Given information:
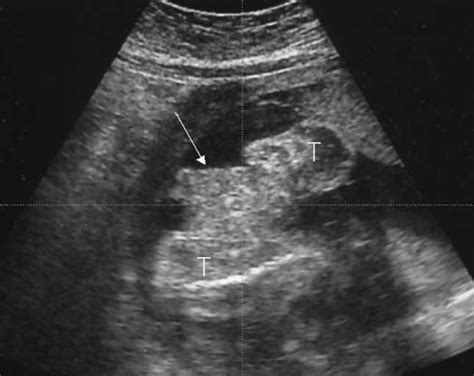New Sonographic Finding For The Prenatal Diagnosis Of Bladder Exstrophy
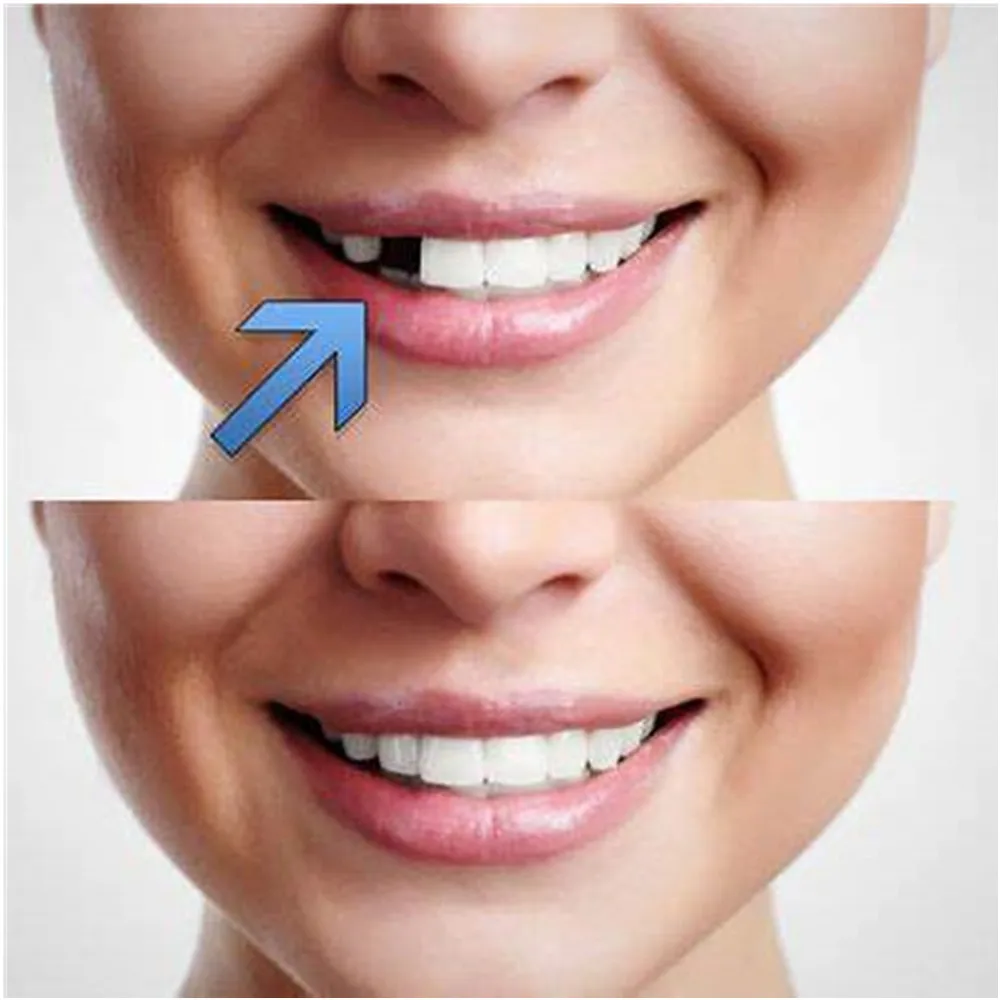 SowSmile New 10pcs Temporary Dental Oral Fake False Snap on Real Instant SmileTeeth Tooth Repair Veneers Kits Building Glue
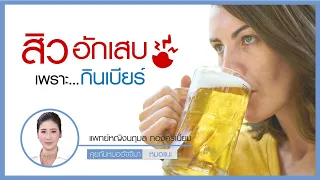 เบียร์ทำให้เกิดสิวได้อย่างไรบ้าง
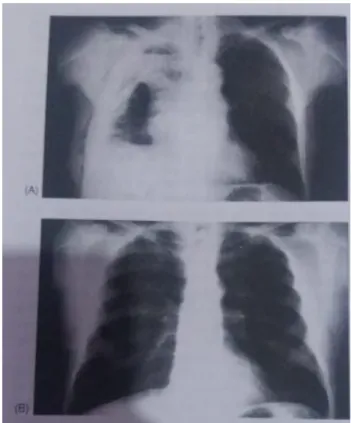 Gambar  3.  Ultrasonografi  Menunjukkan  Efusi  Pleura  Parapneumonik Bersepta Kompleks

How to complete this task: Repeat each line above exactly. The pictures stay out.

Your response:
New Sonographic Finding For The Prenatal Diagnosis Of Bladder Exstrophy
 SowSmile New 10pcs Temporary Dental Oral Fake False Snap on Real Instant SmileTeeth Tooth Repair Veneers Kits Building Glue
 เบียร์ทำให้เกิดสิวได้อย่างไรบ้าง
 Gambar  3.  Ultrasonografi  Menunjukkan  Efusi  Pleura  Parapneumonik Bersepta Kompleks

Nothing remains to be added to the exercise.